大日本帝国とは何だったのか―大日本帝国史識の結―

さて、足早に駆け抜けてきました、大日本帝国を振り返ってあれダメだったよねというためのシリーズ、大日本帝国史識シリーズ一応これで完結です。書ききれなかった部分の補足はちょいちょい上げようと思いますが、これまでのシリーズ全体の総括として、大日本帝国とは何だったのか、をもってシメさせていただきたいと思います。

司馬遼太郎「坂の上の雲」あとがきの一説に、このような一文があります。
「のぼってゆく坂の上の青い天にもし一朶(いちだ)の白い雲がかがやいているとすれば、それをのみ見つめて坂をのぼってゆくであろう」

まさしく、明治開闢の大日本帝国は「近代国家」と言われる坂の上の雲を目指して走り抜け、その中で、日清、日露の戦いを行いました。そして第1次世界大戦を経た国際連盟常任理事国入りはその完成を意識させるものだったでしょう。
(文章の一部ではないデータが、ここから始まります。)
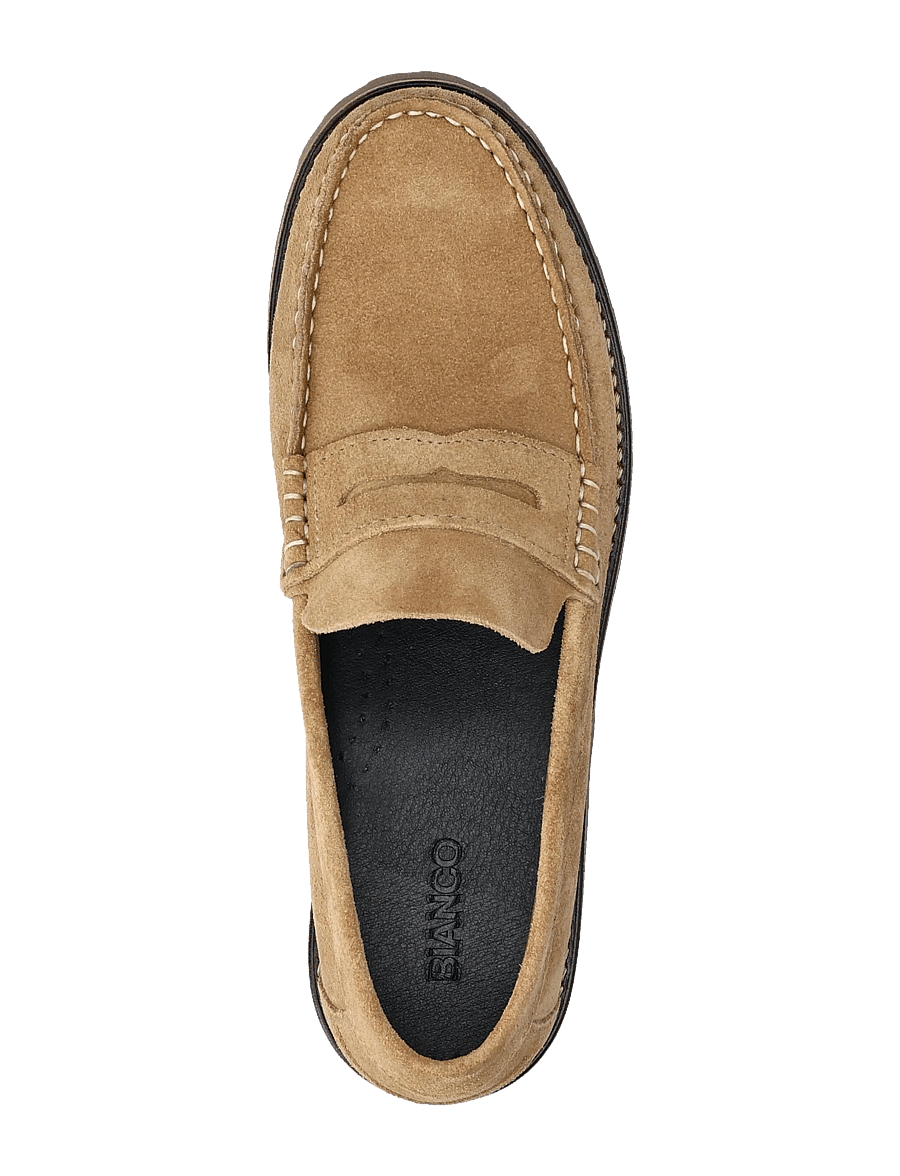 Bianco - BIAGREG Penny Loafer Suede - collections - sand - 3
しかし、「序」で触れたとおり、日清は清朝末期においての北洋軍のみとの戦争、日露は局地戦の勝利をもって英米に頼んでねじ込んだ講和、第1次大戦に関してはヨーロッパ戦線の隙をついたものでした。
そして「壱」で触れたように、第1次大戦後、総力戦体制とファシズムのブームに便乗した大日本帝国は、「弐」「参」で触れた陸軍のもとに暴走。
日清後の対中外交は泥沼化し、泥沼の日中15年戦争、そして太平洋戦争開戦へと突入していきます。

「肆」「伍」で触れたとおり、第1次大戦の後、黄禍論等の問題をはらみながら、すでに世界は民族自決による戦争のない世界に向かっています。その決定的な一歩目は大日本帝国の日露勝利です。帝国主義の終焉期と言っていいでしょう。その大日本帝国が、帝国主義への執着を捨てられずに「アジア開放」を建前に侵略を行ったのも前述の通りです。

また、「陸」「漆」で触れたように、政党政治、民衆運動による民主化運動によって国内の人権は少しずつ整えられていきましたが、世界恐慌、軍部の台頭を期にファシズムがその全てを粉砕します。軍部の特権的位置、衆議院の抑制など、そもそも大日本帝国憲法に組み込まれていた安全装置が作動した、という見方もできるかもしれません。大日本帝国憲法が、法治国家ではなく人治国家に根差して立ち上げられた、というのも前述のとおりです。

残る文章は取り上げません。